The core function of Chimera is built around the app’s face detection functionality, and this is where the real value lies. When you launch the app, you initially see a camera interface much like the native camera app. In the lower right corner, a Tool button can summon a panel with four areas for you to adjust: Camera, Faces, Color, and Effects.
The Effects panel offers a variety of options available, from simple Greyscale and Sepia choices, to Night Vision and Cartoon outlines. Some may have fun playing with these options, but what makes Chimera helpful lies in the other panels. The Color panel give you the choice of adding High Contrast adjustments to the images or automatically adjusting the White Balance. You can also choose to optimize these adjustments for faces.
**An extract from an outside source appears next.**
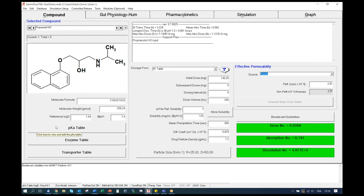This compound tab also integrates information about the dosage form, with the administration schedule containing the initial dose and subsequent doses, if any. And finally, this tab also includes the intestinal permeability value on the right that is used during the simulation. However, GastroPlus also integrates multiple other options for dissolution absorption model settings, and those will be discussed in subsequent videos.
The Faces panel provides a few basic settings related to the face detection itself. There are two Quality options you can chose from: Faster or More Sensitive. When Chimera detects a face, it shows a green box around the face to alert you that it is locked in, much like an auto-focus lock signal on a SLR camera. In the Faces panel, you can choose to have this green box remain visible when you preview the image before saving. You can also choose to have the green box remain on the finished image that you save to your camera roll—I’m not sure why you would want that.
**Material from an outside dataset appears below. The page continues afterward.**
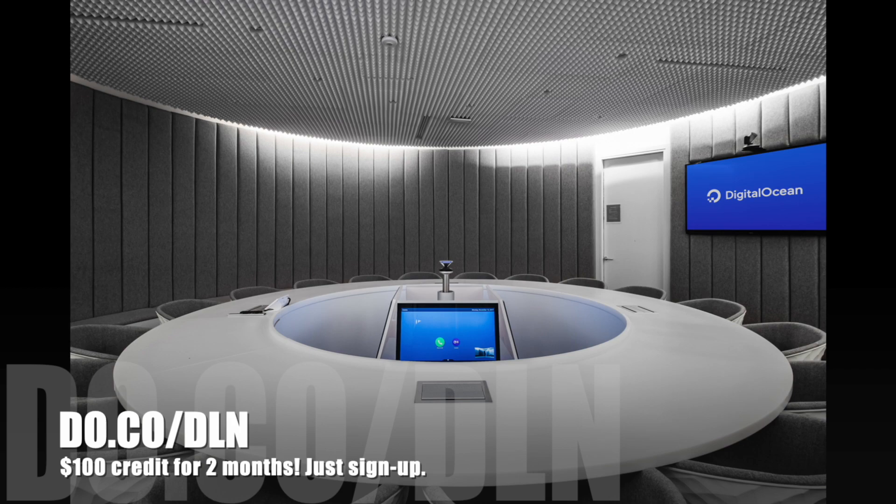You can get started on Digital Ocean for free. And here's the thing, they're giving everybody who hears this, if they go to do.co slash DLN, you're going to get a hundred dollars of credit to use. Droplets cost as little as $5 per month. You're going to have a hundred dollars for two months to play with monster size droplets, a bunch of small droplets, whatever you want. As you're learning, if you make a mistake, just delete the droplet, drop a new one and keep going. It's awesome. And we thank Digital Ocean for sponsoring this channel.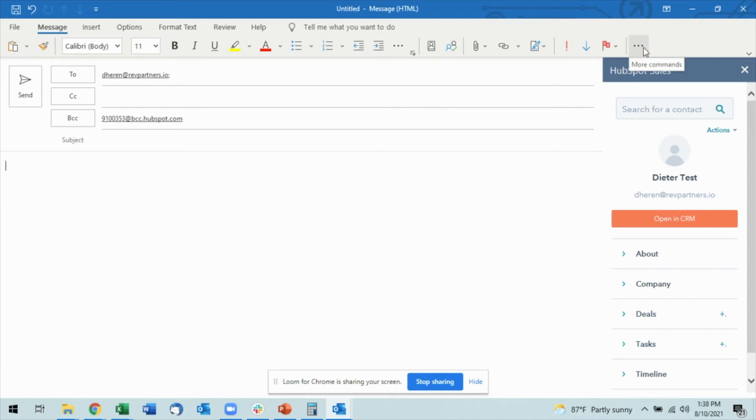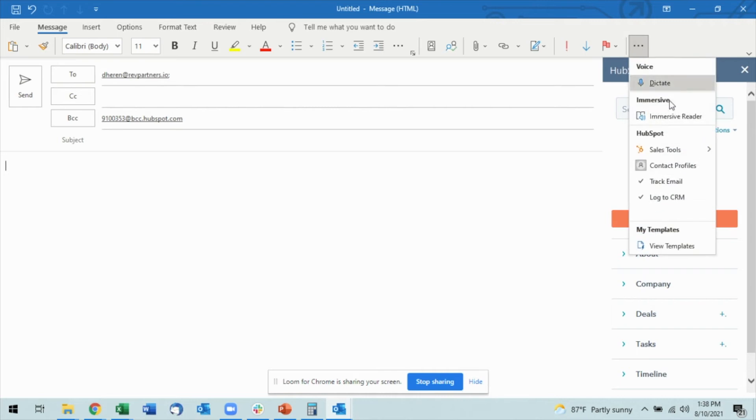I'm going to come back into my more commands, the ellipses up here on the top right. Open that up and navigate down to sales tools.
The most useful area of the app is the Camera panel. Here, you can chose exactly how the photo will be taken. You’ve got a number of options from which to choose to help you get the desired shot. The Mode setting allows you to decide whether you’d like to review each image before saving, save each shot instantly, or save an image each time you click the screen. There is also a Delay and Stabilization option that can be toggled, if you’d like a few seconds between when you click the shutter button, and hold the camera out in front of you. Finally, there is an option to “Wait For Faces,” and also to select the minimum number of faces detected (from one to three). When selected, the photo will not be taken until the minimum number of faces are detected. Chimera also allows you to click anywhere on the screen to take the photo, not just on the small shutter button (another helpful feature when you’re holding your phone with the screen facing away from you).
So what do all these options add up to? Say you and your friend want to take a photo. Normally, you’d need to hold the camera in front of your faces, and awkwardly tap the camera button, hoping the image turns out straight without cutting off anyone’s face. With Chimera, you can set it so that the app waits until it detects two faces and give yourself a few extra seconds to get your arm out of the way. Face detection is never perfect, but in trying out Chimera, I got more consistent results than I would have been able to with the built-in camera app alone.
My biggest complaint with Chimera is that it doesn’t launch into the Camera panel by default when you go into the settings. The Effects may be a bit of fun, but I found them overdone, and not something I would use. The meat of the app is in the Camera panel, and I’d prefer to go straight there.
Beyond a few complaints about the interface, Chimera is a helpful app that does a surprisingly good job of face detection. You may not need the ability often, but for the times that you do, it can be a big help in getting the shot you had in mind.